The main cast scrambling around in television’s new ant farm includes: a mysterious soldier nicknamed “Barbie” first seen burying a dead body (Mike Vogel); a windblown newspaper writer named Julia determined to expose town secrets at any cost (Rachelle Lefevre), even if one of them involves her now-missing husband; a town councilman and car salesman named “Big Jim” with delusions of grandeur, who is keeping some of those secrets (Dean Norris); his son Junior (Alex Koch), who seems sweet at first but who ultimately may be crazier than a bag full of wet cats, especially when it comes to his girlfriend Angie (Britt Robertson), a comely candy-striper nurse who flirts a bit too much for her own safety to be assured; a lesbian couple and their daughter (Aisha Hinds, Alice Calvert, and Mackenzie Lintz); the feisty female Deputy Linda (Natalie Martinez) cut off from her firefighter fiancé who is outside the dome. Jeff Fahey appears as Sheriff Duke in the pilot, but given the circumstances — and the fact that he’s listed as “recurring” rather than as a series regular — he might not make it for long.

Under The Dome is adapted from a mammoth 2009 novel by Stephen King, the man who is probably America’s most popular storyteller ,and who can claim the title of the most film and television adaptations from his projects than any other 21st-Century author. The sprawling storyline, which actually takes place over a brief time in the book, would have been ill-served by the initial plans to turn it into a feature film. The maxi-series 13-episode commitment that CBS is making (inheriting the project from sister company Showtime) will allow for the stories and characters to be much more fairly balanced. King’s long projects have always worked best in multi-episode arcs — The Stand, It, Storm of the Century, Salem’s Lot and one could even make a case for his remake of The Shining (at least in hewing closer to his vision) and the never-completed Golden Years — were all strengthened by allowing the characters and situations to breathe and grow in ways that the drastic editing of film time doesn’t.

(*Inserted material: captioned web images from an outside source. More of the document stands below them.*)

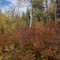 Autumn in Smith Canyon. In mountains east of Arimo, Idaho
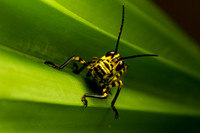 Insects & Butterflies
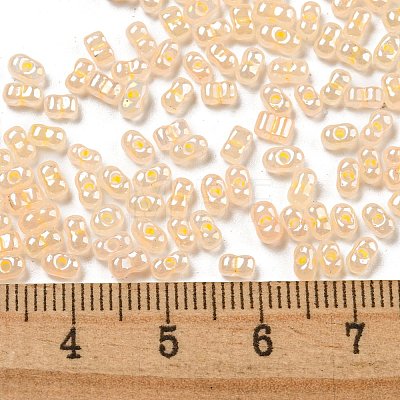 Ceylon Glass Seed Beads SEED-K009-02B-34-1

Niels Arden Oplev, who previously helmed the original The Girl With The Dragon Tattoo, does a credible job in the pilot episode, allowing some eerie set pieces to drag on just long enough to show dread peeking around the corner, and letting the mostly excellent cast establish the characters they’re hired to portray (only the “villains,” Koch and Norris, come off too over-the-top). By silencing anything outside the dome (and showing only fractions of the outside world to those inside the clear enclosure), the pilot offers both fear and an unnerving calm. And though a mid-air plane crash featured subpar special effects, a grocery truck crash into the dome is rendered mostly well (if bloodlessly), while another scene where a cow is sliced in half by the done from head to tail is spectacularly gruesome.

Comic scribe Brian K. Vaughan is the Under The Dome pilot’s writer and showrunner, and his work in comics, and on the continuity-heavy Lost serves him well here. He veers away from King’s text in many spots, adding characters or tweaking elements for others in reasonable ways… at least in what we can tell in the pilot (further textual changes, including a vastly different ending are promised). His inclusion of multiple female characters, including a too-rare-for-TV lesbian couple, allows him to easily pass the Bechdel Test, and the rest of his cast is both dynamic and diverse.

It’s hard to judge how successful Under The Dome will be as a whole, when what viewers see in the pilot is solely the introductory chapter to a longer serial, but the production team has seemingly taken cues from not just the novel, but also from successful short-run sequential series such as Dexter, Southland, and the recent Hannibal. With a gripping storyline, strong actors and characters, and an ace production team, this self-contained story should be worth viewer commitment.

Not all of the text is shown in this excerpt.